Jetons d’abord un oeil, à toutes ces façons déconseillées qu’il y a d’employer la voix off au cinéma.

DANGERS ET RISQUES LIÉS À LA VOIX OFF

Employer une voix off pour déverser une grande quantité d’exposition, une grande quantité d’informations nécessaires — ou pas — à la compréhension de l’histoire, à la longue, ce peut être un peu indigeste pour le spectateur.

Deuxièmement, rapporter en voix off ce que le spectateur constate déjà à l’image, sous ses yeux, en n’apportant rien de significatif, risque de sacrifier l’intérêt de l’image, de l’action.

Troisièmement, expliquer via la voix off au spectateur ce qu’il est censé interpréter par lui-même, c’est lui couper sa participation à l’histoire, c’est l’infantiliser, le frustrer — on revient à cette règle du « show don’t tell ».

Quatrièmement, s’étaler pendant des plombes sur les états d’âme démonstratifs du protagoniste, via son monologue interne en voix off, peut accabler le spectateur avec une sur-intellectualisation lourde et laborieuse de l’action. « qui-suis-je ? ou vais-je ? Qu’est-ce que le monde ? » etc.

Et puis tout simplement, cinquièmement, une voix off peut s’avérer fade, banale, simple témoin d’un manque d’imagination, comme toutes ces comédies qui s’ouvrent sur le fameux « ça c’est moi », du protagoniste qui se présente au spectateur en voix off. « Ça c’est moi, je m’appelle machin, j’ai tels amis, on va vivre telle aventure, etc. »

Finalement, si certains manuels de scénario mettent en garde contre le recours à la voix off, c’est surtout parce qu’il est si facile d’en faire n’importe quoi.

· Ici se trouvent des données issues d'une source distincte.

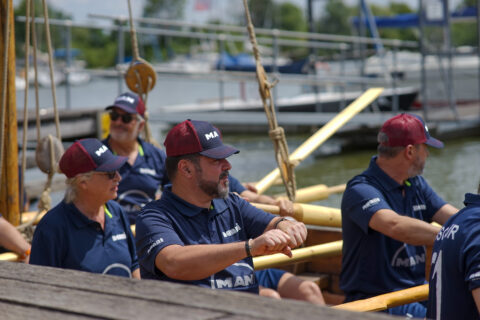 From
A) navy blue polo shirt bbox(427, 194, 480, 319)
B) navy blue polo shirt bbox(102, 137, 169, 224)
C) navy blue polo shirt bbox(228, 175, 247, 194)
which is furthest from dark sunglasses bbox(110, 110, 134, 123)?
navy blue polo shirt bbox(427, 194, 480, 319)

Il s’agit d’un outil de narration automne, qui pourrait totalement se passer de l’image et de l’action. On se résigne d’ailleurs parfois, lors de nos premiers projets amateurs, en post prod, quand on a tout essayé pour faire fonctionner le récit, à ajouter une voix off jusqu’ici imprévue, afin de clarifier tout ce qu’on n’a pas réussi à rendre clair à travers l’action — comme une sorte de cache-misère.

Ainsi, employer une voix off sans réflexion préalable sur son usage, sur sa place dans la narration globale, fait courir le risque de lui donner encore plus mauvaise réputation, de donner raison aux puristes de la dramaturgie.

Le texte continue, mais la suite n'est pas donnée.